This article was first published in the November 2018 UK edition of Accounting and Business magazine.

William of Ockham was a 14th-century English Franciscan friar, philosopher and theologian who is still remembered to this day for Ockham’s razor, a methodological principle that has helped to spur work on theology, logic and physics. As we celebrate World Philosophy Day on 15 November, I am thinking the razor could sharpen the philosophy of accounting too.

A translation of the Latin Ockham’s razor is ‘plurality should not be posited without necessity’, although it is more often rendered as ‘entities are not to be multiplied beyond necessity’. The idea is that in judging between competing theories, the simplest solution tends to be the right one.

Questions continue to echo after the global financial crisis about the work of business and finance in modern society. So philosophical concepts of the purpose of financial reporting and the wider purpose of the profession need to be articulated with clarity and simplicity.  
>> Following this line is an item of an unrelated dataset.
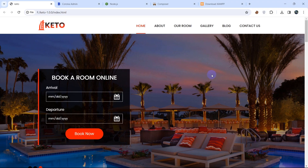Hello everyone, this is Yamin and welcome to the Laravel Hotel Portal Management System project tutorial. In this tutorial we are going to create a simple portal management system for beginners to advanced learners. If you are a beginner, this is a perfect tutorial for you to learn, and I'm going to show you everything step by step from the very beginning.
Today’s answer to those questions of purpose is the IFRS Conceptual Framework for Financial Reporting 2018 (effective in 2020, when businesses have to develop accounting policies where no IFRS standard applies to a particular transaction). The framework has many ancestors, but a key grandparent is the UK accounting standard SSAP 2, Disclosure of accounting policies. SSAP 2 was published in 1971, an early work of the Accounting Standards Steering Committee, founded the year before.

Unlike much of the 1970s, SSAP 2 stands the test of time, pronouncing a philosophy of accounting that still speaks powerfully today – perhaps because it completely obeys Ockham’s razor. It defines four fundamental accounting concepts: going concern, accruals, consistency and prudence. Maybe today we would consider adding disclosure or transparency to that list to ensure the implied duty of reporting to stakeholders is more explicit.

That aside, it is the prudence that is most likely to raise eyebrows. It has come to mean an overblown aversion to risk rather than exercising sensible judgment. Indeed the UK’s standard setter, the Accounting Standards Board, downplayed it in FRS 18, Accounting Policies, as it was argued it was a concept of financial management not financial reporting.

Perhaps in such an uncertain world prudence needs rehabilitation. It is defined by SSAP 2 as: ‘Gains not recognised until either they are realised or realisation is reasonably certain. Provide all known losses even when amount is uncertain.’ This is still sound sense when business and commerce embraces the reckless. And it does nothing to excuse the error of smoothing or kitchen-sinking.

SSAP 2 is perhaps not comprehensive enough for the mores of modern accounting, but its four pillars deserve to be recalled by financial professionals. They remain an outstandingly elegant, eloquent and powerfully simple summary of a philosophy of the contribution the finance profession’s work makes to business, economics and society. Ockham would be proud.